200 years of diplomatic relations between Switzerland and Russia
The Memorandum of Understanding (MoU) of 9 November 2007 is an important pillar of Swiss-Russian relations. © FDFA

In 2014, Switzerland and Russia celebrated 200 years of diplomatic relations. Bilateral relations have become closer in recent years in particular. The memorandum of understanding of 2007 is an important basis for cooperation.

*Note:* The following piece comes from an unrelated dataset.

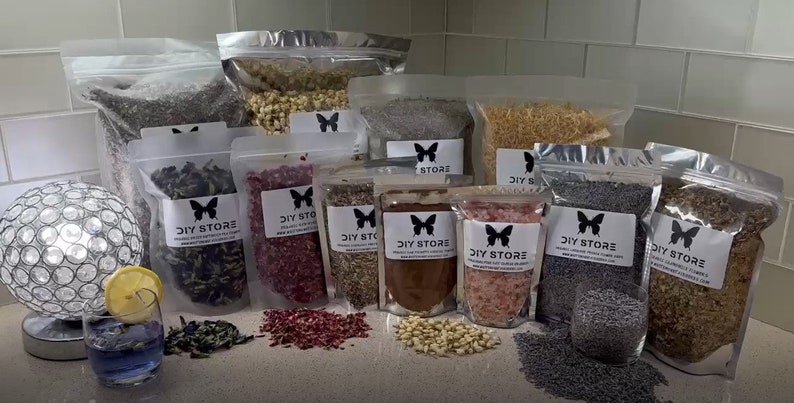 May include: A variety of dried flowers and herbs in clear plastic bags with a butterfly logo and the text "DIY STORE". The bags are arranged on a countertop with a glass of blue liquid and a lemon wedge.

Switzerland and Russia have maintained diplomatic relations for 200 years. In recent years, diplomatic relations have become significantly closer. There are regular meetings at various official levels. In 2009, the then Russian President, Dmitry Medvedev, paid the first visit by a Russian head of state to Switzerland.

Press release, 21.9.2009 

Russia is the world's largest country by land mass as well as a significant global player. It is a member of the UN Security Council, the Council of Europe, the OSCE and the WTO. In 2014, Russia chairs the G8, and is also a member of the G20, the BRICS (the club of the emerging economies of Brazil, Russia, India, China and South Africa), and ASEAN (the Association of Southeast Asian Nations).

In 2006, Switzerland opened a consulate general in St Petersburg, and in 2007 and 2009 Russian honorary consulates were established in Zurich and Lausanne.

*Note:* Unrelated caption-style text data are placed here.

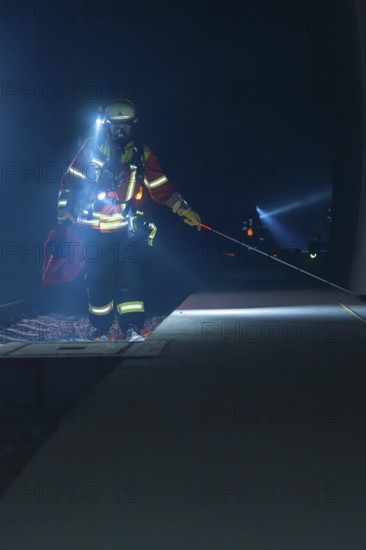 Fireman with glow stick on a railway track, illuminated surroundings, fire drill in the new construction tunnel of the Hermann Hesse railway, Ostelsheim, district of Calw, Germany
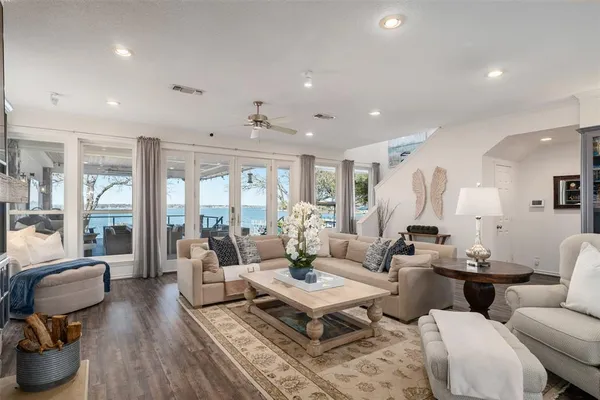 a living room with furniture large window and wooden floor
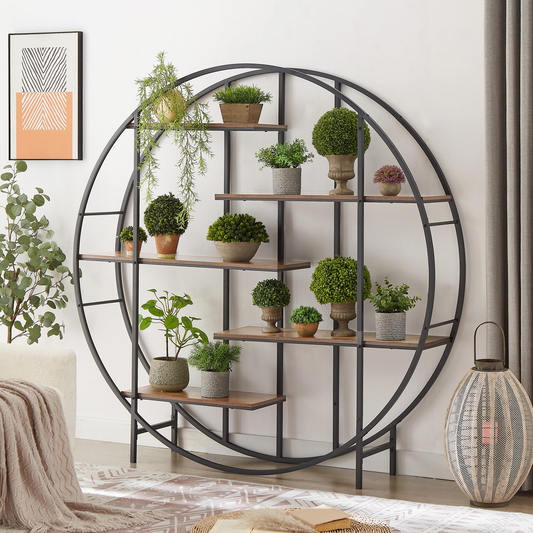 Round metal wall shelf displaying various faux plants in terracotta and stone pots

In 2014, Switzerland was present in the Olympic Winter Games in Sochi.

Key aspects of diplomatic relations

The Memorandum of Understanding (MoU) of 9 November 2007 is an important pillar of Swiss-Russian relations. It forms the basis for exchanges in various policy areas, such as international relations, disarmament, human rights, trade, justice, and security. Relations became considerably closer with the signing of the MoU of 2007.

As a non-member of the EU and the Northern Atlantic Treaty Organization (NATO), Switzerland is in political terms an independent and neutral partner for Russia. The Swiss Chairmanship of the Organization of Security and Co-operation in Europe (OSCE) in 2014 enables further cooperation within a multilateral framework.

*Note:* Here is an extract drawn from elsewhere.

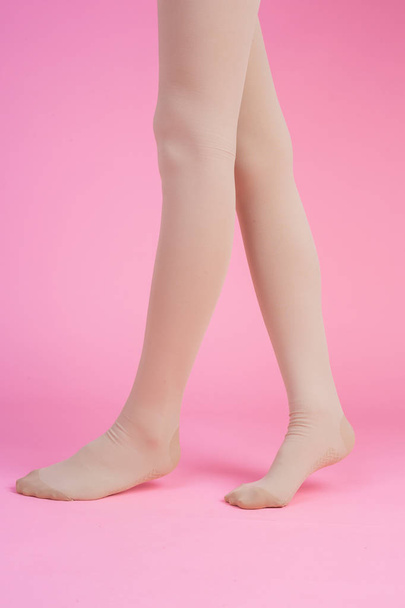 Slender legs, beautiful woman wearing stockings standing on a pink background. - Фото, изображение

Switzerland has a dual mandate in Russia and Georgia, representing Russian interests in Georgia and vice versa. Switzerland also facilitated Russia's accession to the World Trade Organization (WTO) on 22 August 2012.

Economic relations

Economic relations between Switzerland and Russia are close. Numerous large Swiss companies have operations in Russia. With an investment volume of more than 12 billion CHF (2012), Switzerland is one of the largest investors in Russia.

In 2013, Switzerland exported goods worth approximately three billion CHF to Russia, and imported goods valued at approximately one billion CHF.

The Swiss embassy in Moscow promotes good framework conditions for Swiss businesses in Russia. To this end, it draws up a three-year action plan. A joint economic commission holds a bilateral meeting once a year.

The Swiss embassy houses a Swiss Business Hub that advices Swiss companies on how to enter the Russian market and promotes Switzerland as a business location.

History of diplomatic relations

Switzerland and Russia can look back on 200 years of diplomatic relations. Even before, there was a wide range of ties between the two countries. In the 17th century, Swiss nationals, including many skilled workers, emigrated to Russia in search of better economic prospects. After the Napoleonic Wars (1792–1815), Russia promoted Switzerland's re-emergence as an independent and neutral state.

In 1814, Tsar Alexander I appointed Count Kapodistrias as Russia's first envoy to the Swiss Diet. A few years later, Switzerland opened an honorary consulate in St Petersburg. Since 1906, Switzerland has been present in Russia with a professional representation and its own envoy. Diplomatic relations were interrupted between 1918 and 1946, following the October Revolution of 1917.